I'd like write a program that performs static analysis of code at the
LLVM assembly/bitcode level, and to do so I plan on extensively
referencing the language reference. As I hope to eventually use this
tool as part of a security analysis of untrusted code, I need to be
rather strict in my interpretation of the document. As such, I have some
questions about how the implementers interpret the document (each
question assumes we're considering a single fixed release version):

1. Is http://www.llvm.org/releases/<version>/docs/LangRef.html the most
authoritative reference for a given version aside from the source code
itself?

Yes.

2. Are target-specific behaviors documented for each supported target?

When anything has target-specific behavior, that fact should be
documented. Beyond that, if you have a question about what some
construct is supposed to do, please ask.

3. Does undefined behavior semantically invalidate the entire program or
is its unpredictable effect limited in scope somehow?

There is no limit to the scope of undefined behavior.

4. Are any behaviors undefined by virtue of not being specified in the
reference, or are all scenarios that lead to undefined behavior
explicitly identified as such?

We really want to explicitly identify them all in the reference; if
you have a question about some specific case, please ask.

5. Are there any language features with non-performance related semantic
import (e.g annotations, instructions, intrinsic functions, types, etc.)
that are not specified by the reference but are nevertheless implemented
in the build system?

You should be able to analyze the semantics of IR accurately based
purely on information encoded into the IR. Every instruction, type,
attribute etc. should be documented in LangRef. Platform-specific
intrinsics are not documented, but can generally be treated like a
call to an external function.

6. Are all deviations from the reference, no matter how minor,
considered bugs (either in the implementation or the spec)? If not, what
deviations are considered acceptable?

If the reference doesn't describe the implementation accurately, we
consider it a bug. Granted, some bugs are relatively low-priority.

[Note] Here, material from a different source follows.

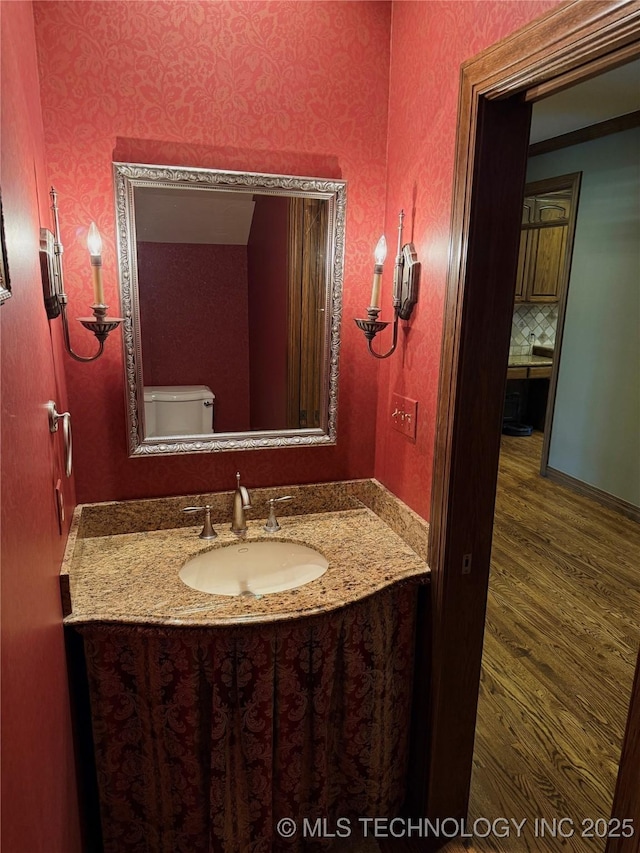 4224 S 69th W Ave, Tulsa, OK 74107 - half bathroom with vanity, wood finished floors, toilet, and wallpapered walls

If so, is it expected that all
such discovered and possibly corrected deviations will have associated
bug reports, or might some be corrected in the development repository
without documentation of the issue outside of a commit message? In other
words, if I'm working with, say, llvm 2.9 and want to find all
deviations known to upstream, can I just browse bug reports or will I
have to go through commit logs as well?

LLVM Bugzilla doesn't contain an entry for every bug; to find every
fix, you'll have to go through commit logs. Not sure what you're
trying to do here, though.

These are the questions I have for now, but I may have more as I go
along. Is this the appropriate place to ask this kind of thing?

Yes.

-Eli

2. Are target-specific behaviors documented for each supported target?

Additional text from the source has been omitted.